## Web Scraping con Python

El web scraping, también conocido como extracción de datos web, es el proceso de recopilar información de sitios web, páginas web o documentos en línea de manera automática. En otras palabras, se trata de extraer datos de una página web sin la necesidad de interactuar con ella manualmente.

En Python, el web scraping se logra utilizando bibliotecas como requests y BeautifulSoup.

La biblioteca requests se utiliza para enviar solicitudes HTTP a un sitio web, mientras que la biblioteca BeautifulSoup se utiliza para analizar el HTML o XML de respuesta.

### Cómo funciona

##### * Enviar solicitud HTTP: Se envía una solicitud HTTP (como GET o POST) a un sitio web utilizando la biblioteca requests.

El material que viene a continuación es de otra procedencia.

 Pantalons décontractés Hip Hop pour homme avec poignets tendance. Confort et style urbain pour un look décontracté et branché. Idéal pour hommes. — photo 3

##### * Recibir respuesta: El sitio web responde con un código HTML o XML que contiene la información solicitada.

##### * Analizar respuesta: La biblioteca BeautifulSoup analiza el código HTML o XML de respuesta y lo convierte en un objeto que puede ser fácilmente navegado y manipulado.

##### * Extraer datos: Se extraen los datos deseados del objeto analizado utilizando métodos y funciones proporcionadas por BeautifulSoup.

https://quotes.toscrape.com/

https://es.wikipedia.org/wiki/Modelo_OSI

Selenium

Gradio


#### Qué es una solicitud HTTP: y para qué sirve?

Una solicitud HTTP (Hypertext Transfer Protocol) es una petición que se envía desde un cliente (generalmente un navegador web) a un servidor para solicitar un recurso o realizar una acción específica en el servidor.

Las solicitudes HTTP se utilizan para interactuar con los servidores web y obtener respuestas que contengan información o recursos solicitados. Algunos ejemplos de acciones que se pueden realizar mediante solicitudes HTTP son:

* Obtener un archivo o recurso del servidor (GET)
* Enviar datos al servidor para crear un nuevo recurso (POST)
* Actualizar un recurso existente en el servidor (PUT)
* Eliminar un recurso del servidor (DELETE)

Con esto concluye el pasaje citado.